PROBLEM REQUIREMENTS
Type out the lines below exactly, pictures excluded.

SOURCE MATERIAL
··········

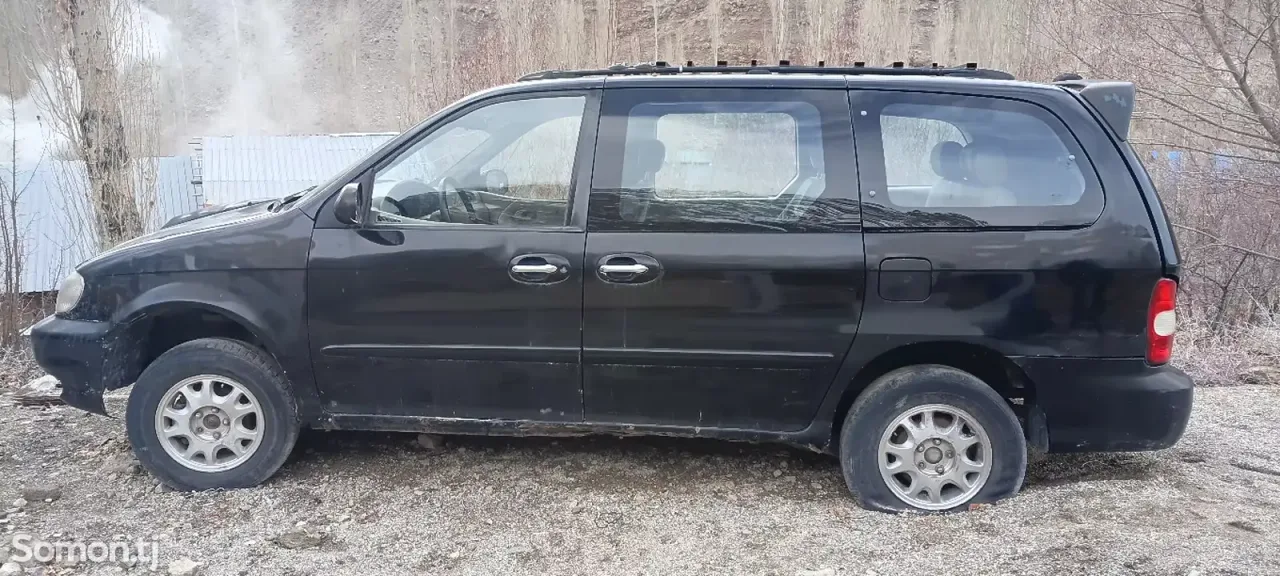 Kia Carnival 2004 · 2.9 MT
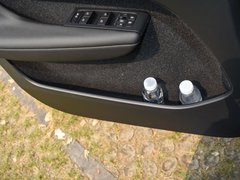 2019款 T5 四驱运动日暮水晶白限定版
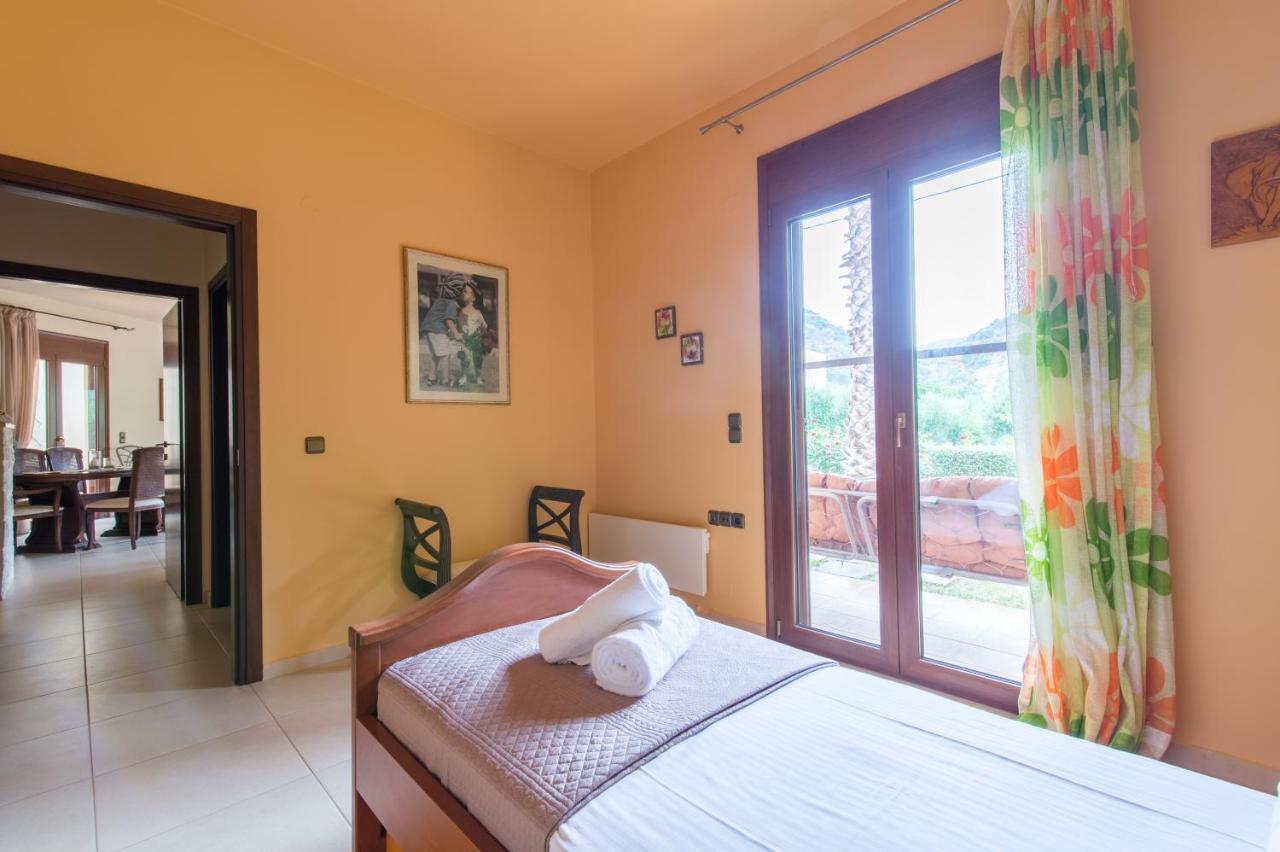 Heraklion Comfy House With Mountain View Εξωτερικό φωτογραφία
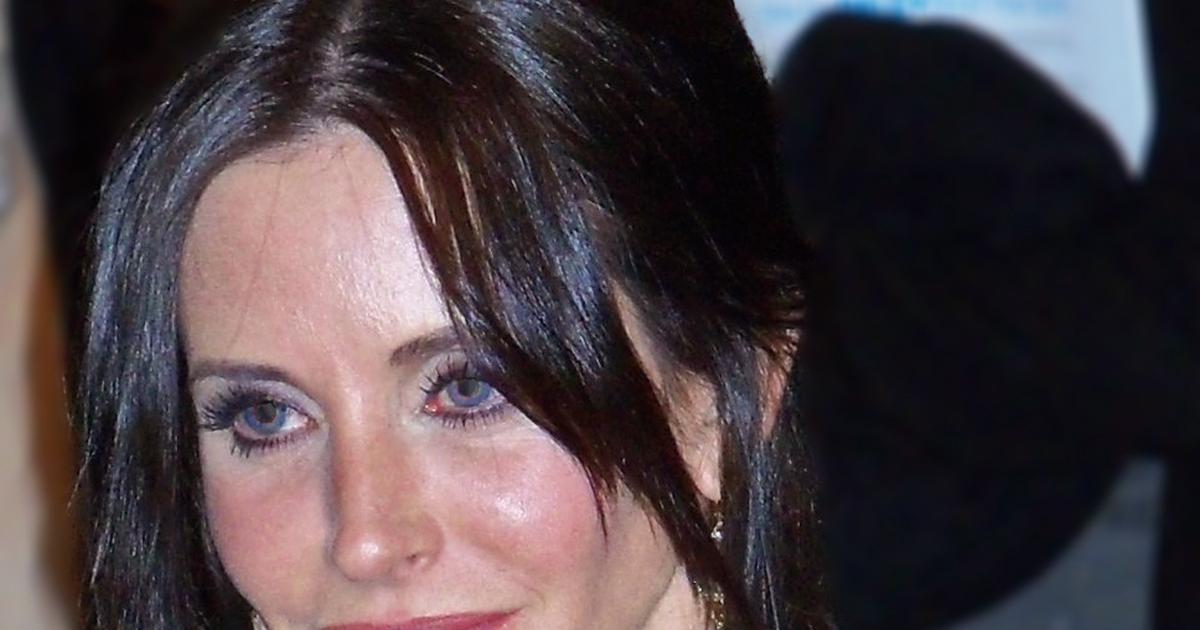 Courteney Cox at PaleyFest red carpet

··········

TASK ANSWER
 Kia Carnival 2004 · 2.9 MT
 2019款 T5 四驱运动日暮水晶白限定版
 Heraklion Comfy House With Mountain View Εξωτερικό φωτογραφία
 Courteney Cox at PaleyFest red carpet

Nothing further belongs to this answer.